Wouldn’t it have been awesome if Alkar had put his negative emotions into Troi and she had tried, calmly and lethally, to take over the ship? Or used her empathic gifts to exploit weaker crewmembers so that instead of doing work, she could spend all day in the holodeck plotting a takeover of Vulcan and reintroducing emotion there? Or simply quit being ship’s counselor and demanded to conduct the negotiations herself? What a great story that would have been! Instead of becoming a walking cliche of a bad girl, Troi could have done something out of character, completely unexpected, and really interesting.
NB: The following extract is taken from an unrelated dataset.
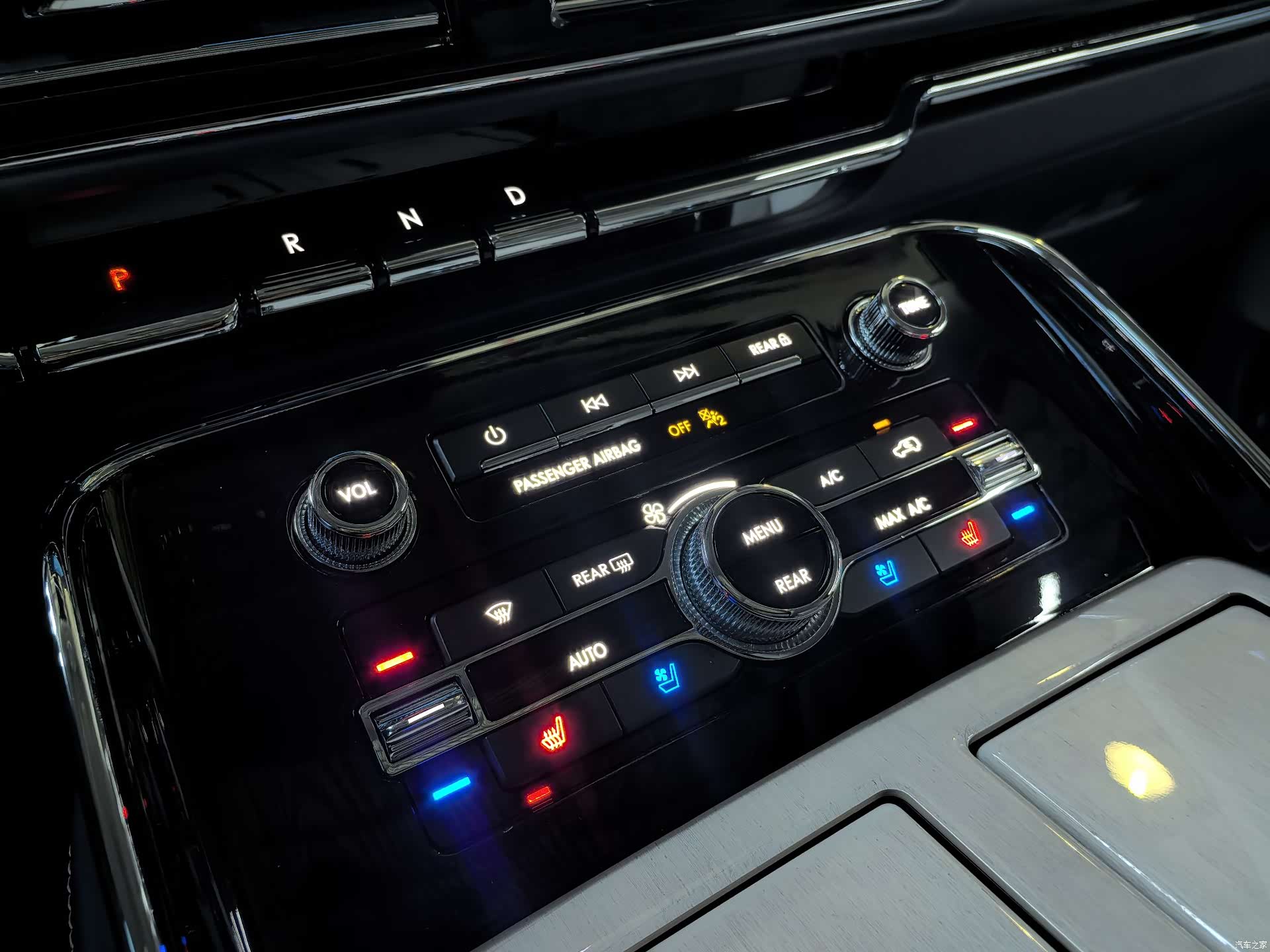 Lincoln Navigator, 2023 9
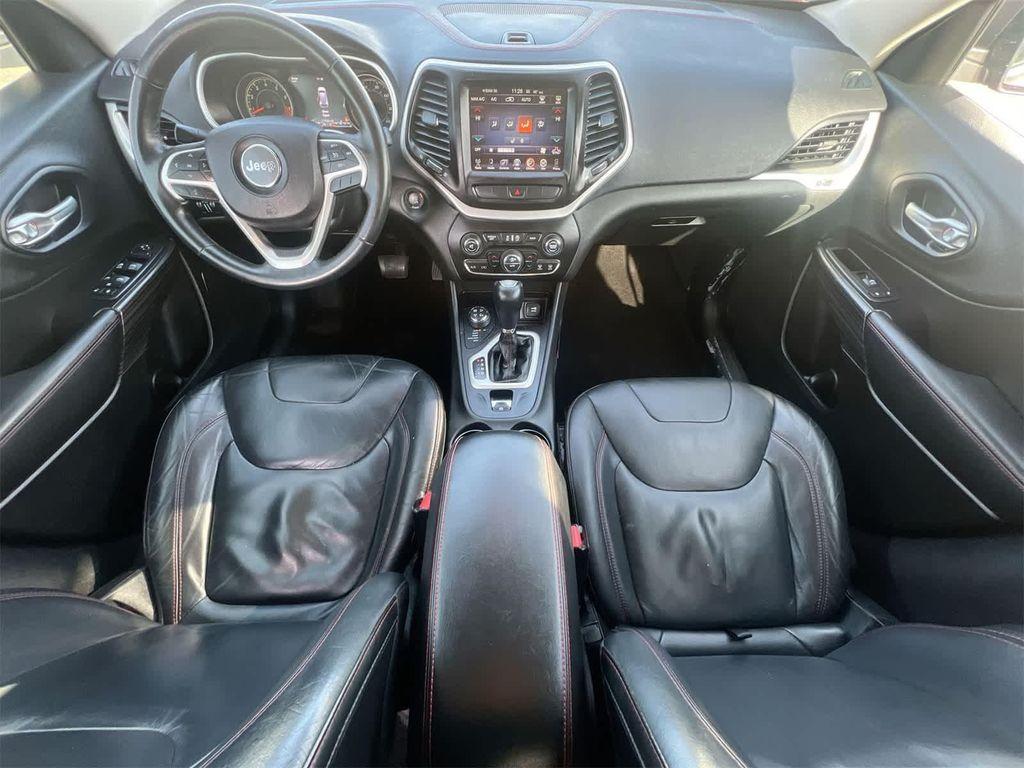 used 2015 Jeep Cherokee car, priced at $11,995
Or, rather than aging her prematurely, it could have made Troi feel young and strong to have sex on the brain – like her mother, who often seems younger than Troi, not to mention happier with herself and her life. What if Alkar had discovered through her that what he’d been dismissing as “bad” emotions were in fact empowering, giving him insights he’d never had had if he’d kept trying to shunt off all lust, jealousy, hunger and rage? What if he couldn’t negotiate between warring factions precisely because he couldn’t relate to them? So many ways this episode could have been about something…so many ways it fails. And now this review is out of the way, thank the Great Bird, and I never have to watch “Man of the People” again.